▶ **Work to complete**
Write out only the lines from the line that holds "Carregador de Parede" to the end of the listing below, inclusive, with the pictures omitted.

%%

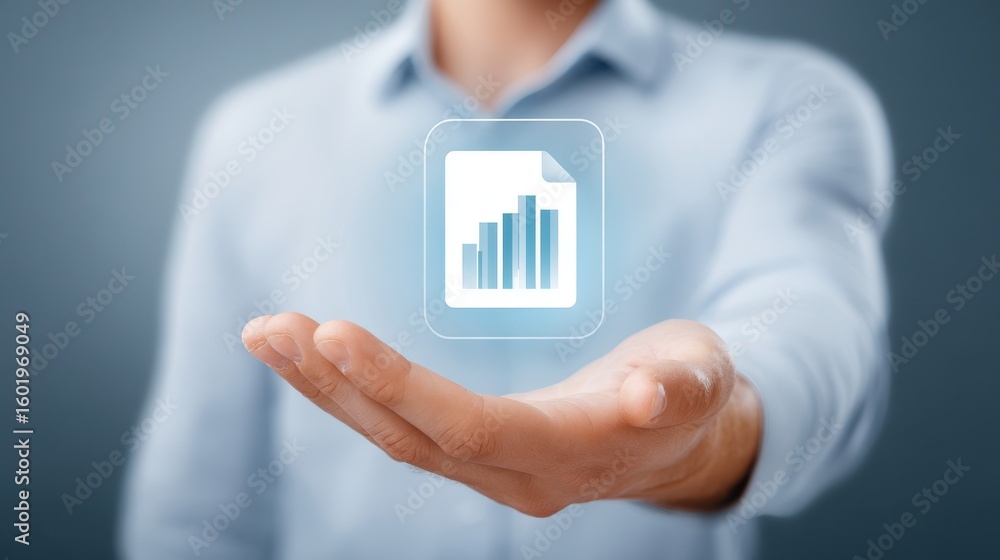 Aufkleber a person holding a digital interface displaying a bar graph, symbolizing data analysis or business g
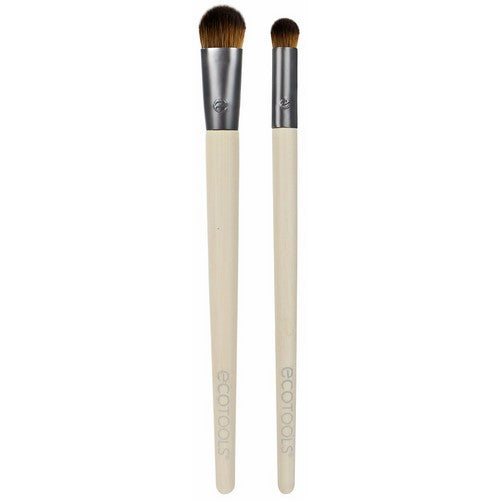 Ecotools Cruelty Free and Eco Friendly Ultimate Shade Duo Made with Recycled and Sustainable Materials; Compact, Custom Cut Brushes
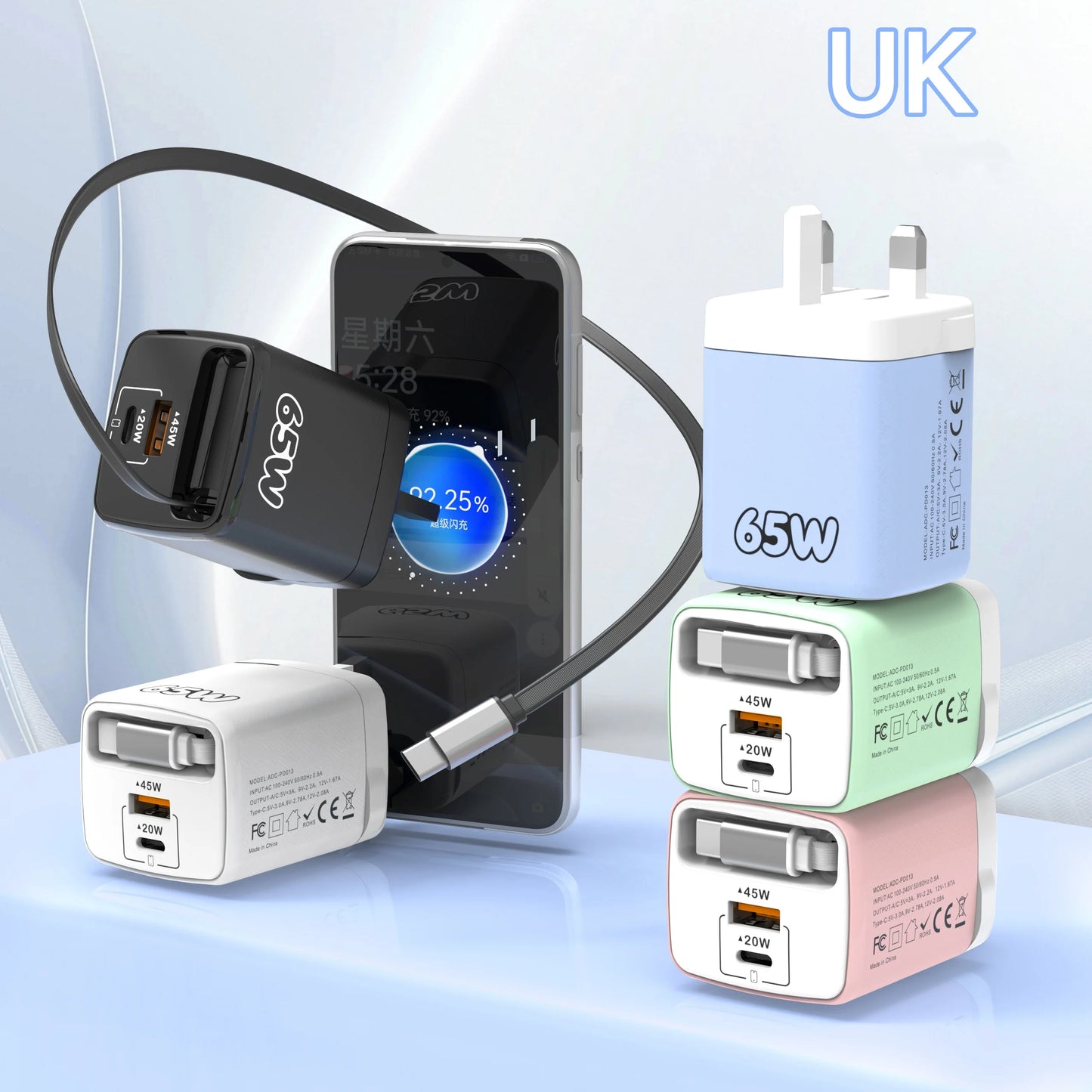 Carregador de Parede USB-C PD de 65W com Cabo USB-C Retrátil e Quick Charge 3.0 // Para iPhone 17 Pro, Samsung e Xiaomi // Padrões UE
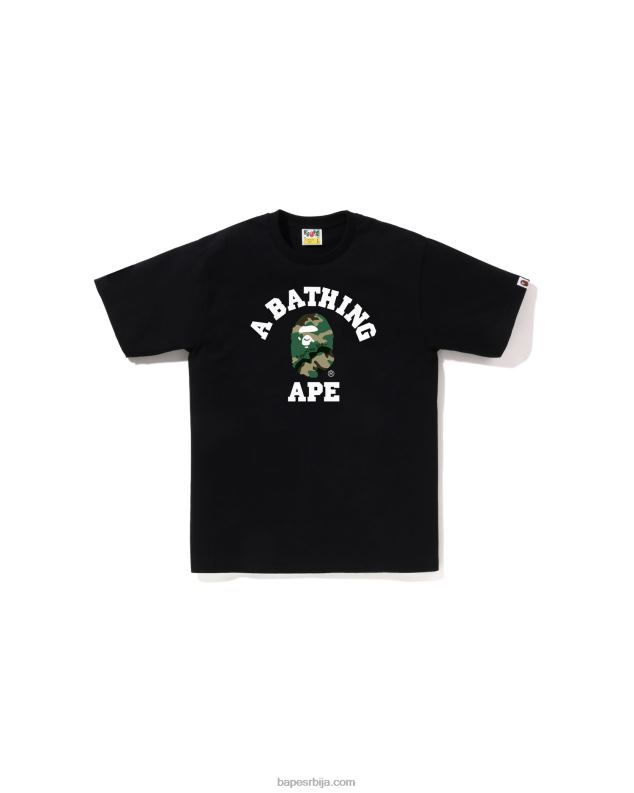 црн мушкарци A Bathing Ape воодланд и цамо колеџ мајица J4280221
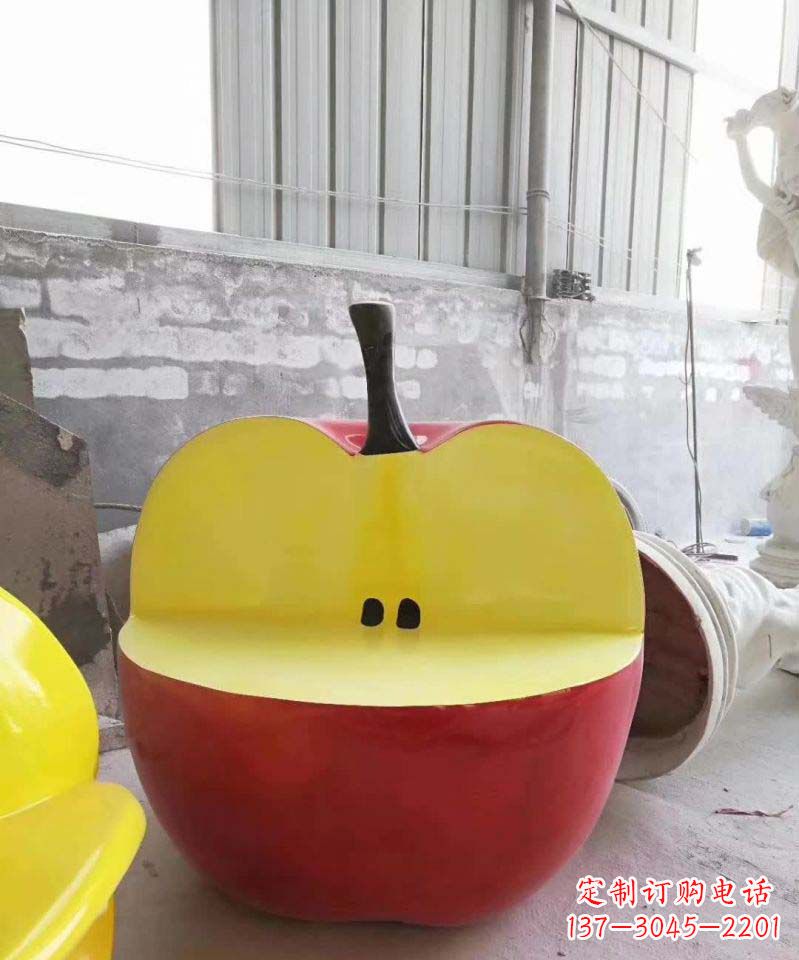 甘肃不锈钢苹果雕塑精致而经久不衰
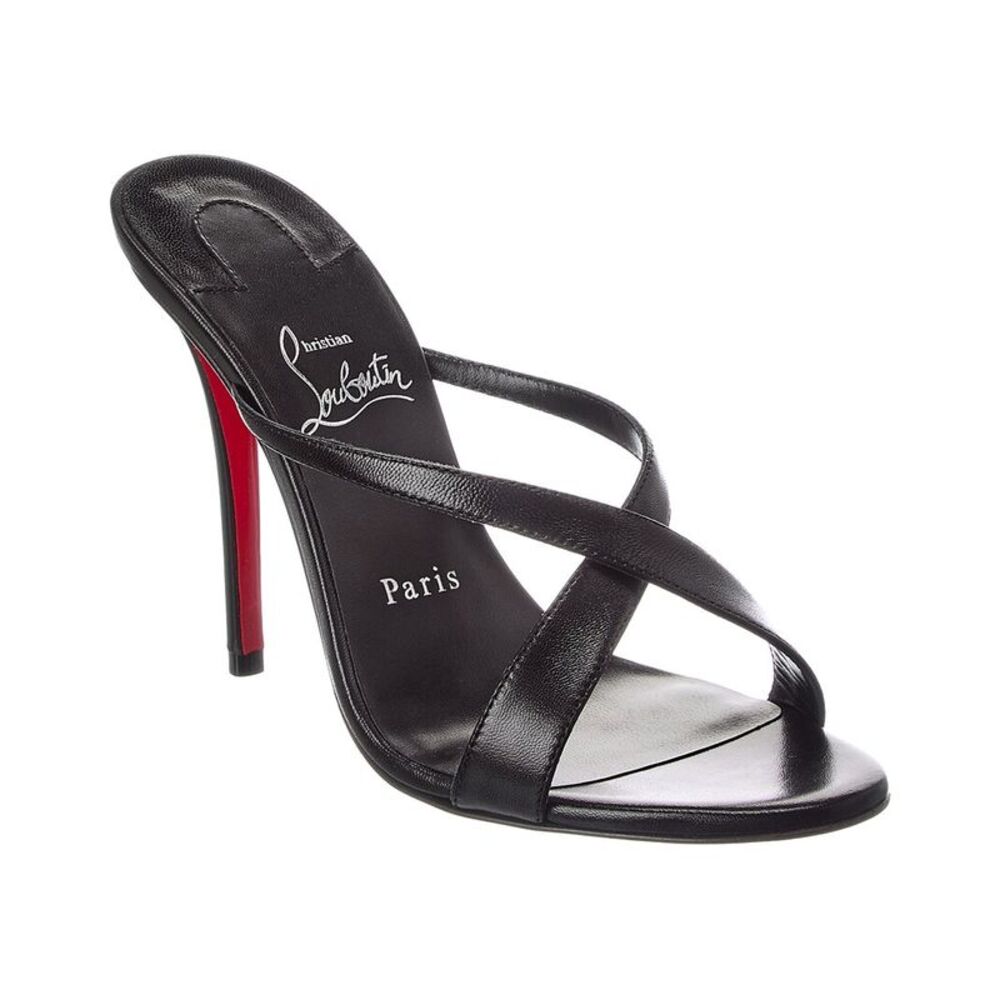 Christian Louboutin Mulazee Cross 100 Leather Sandal, Black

%%

▶ **Task output**
 Carregador de Parede USB-C PD de 65W com Cabo USB-C Retrátil e Quick Charge 3.0 // Para iPhone 17 Pro, Samsung e Xiaomi // Padrões UE
 црн мушкарци A Bathing Ape воодланд и цамо колеџ мајица J4280221
 甘肃不锈钢苹果雕塑精致而经久不衰
 Christian Louboutin Mulazee Cross 100 Leather Sandal, Black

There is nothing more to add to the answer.